When Kaat and her mother first looked at the property on West Strasburg Road, her mom shook her head.
"You're buying an old gas station?" her mother asked. It had also been a deli and a doctor's office. Kaat says she has always been drawn to tarnished jewels, such as Sweetwater Farm, the Glen Mills inn that her pitcher husband bought her as a wedding present.
The Marshallton property had been on the market four years. "No one wanted it," she said. "It was across the street from two condemned structures."
The house sat tight against the road in the village proper - a storybook place halfway between Philadelphia and Lancaster once populated by smiths, publicans, and wainwrights.
Friends and family loaned Kaat almost all of the $90,000 in cash she paid for the property in 2002. Three years later, her mom - who lived on a farm in Illinois and had the better credit - signed a note for $269,500. That became the mortgage on the house, which Kaat put in both their names. And with that money, Kaat paid back those who had helped her buy the place, and funded a $125,000 renovation.
Then came the crash. She had trouble making the $1,681 payments to JPMorgan Chase.
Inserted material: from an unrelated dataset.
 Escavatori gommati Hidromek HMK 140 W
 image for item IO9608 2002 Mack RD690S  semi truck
What happened next is the subject of a thick file in Chester County Court. For anyone who has battled a bureaucracy and lost patience at a revolving cast of call-center reps, Kaat's suit makes for epic reading.
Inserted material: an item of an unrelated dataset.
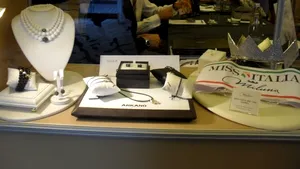 De ce vin italienii la noi să vândă giuvaeruri de milioane de euro şi cum arată bijuteriile ce nu pot fi fotografiate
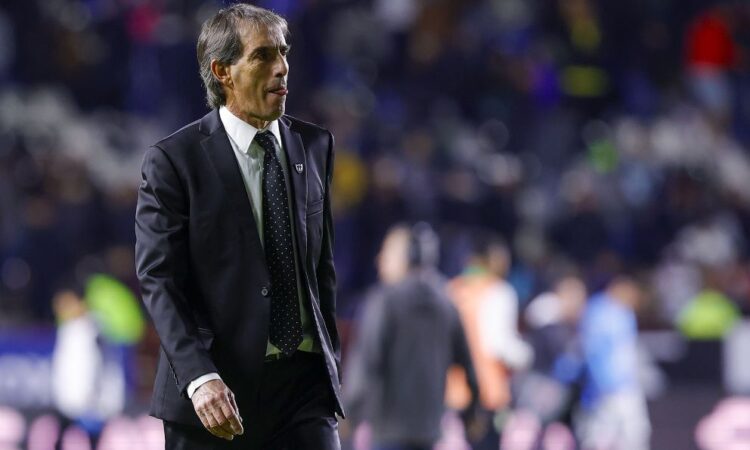 Guillermo Almada, la apuesta segura de Cruz Azul para el Apertura 2025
Her attorneys, Louis Kupperman and Joseph Carroll, seek to document the hoops that Kaat had to jump through for the bank - some "outrageous and inane," as they put it.
That includes having to send the same set of documents over and over, and then, when her mother died, having to field calls from bank reps who would not accept her mother's demise.
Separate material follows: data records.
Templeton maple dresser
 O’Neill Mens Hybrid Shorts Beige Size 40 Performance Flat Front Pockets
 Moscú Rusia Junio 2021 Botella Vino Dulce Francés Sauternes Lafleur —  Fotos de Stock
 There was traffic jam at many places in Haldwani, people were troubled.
After receiving $25 billion in federal bailout money, JPMorgan Chase renegotiated with homeowners who had failed to make payments, including Kaat, whose monthly bill dropped to a more manageable $1,123.
After making three payments, she had a deal for a loan modification, her attorneys claim. Not so, the bank counters, contending that the mod was temporary and that she never completed the required forms.
This June, the day after her 62d birthday, a sheriff's deputy knocked on her door, serving notice of foreclosure. That she joined more than 36,000 other Pennsylvanians in similar trouble gave her no comfort.
"It's been hard to share this with my family," she said. "It's private. It's sad. It hits every button. Home is everything."
Her brother figured she was a deadbeat, she said. "I told him, 'You don't understand. It's a modification.' Until you walk in these shoes, you don't understand."
When I spoke to Amy Bonitatibus, a JPMorgan Chase spokeswoman this week, she said the bank was going to send an offer that would allow Kaat to modify her loan, provided she can show she can afford the payments. "We want to keep as many people in their homes as possible," Bonitatibus said.
Kaat's attorneys said they would review the offer. When I spoke with her earlier in the week, she didn't seem eager to give up.
"You know what mortgage means in Latin?" she asked. "'Death pledge.' I'm not walking away from my house."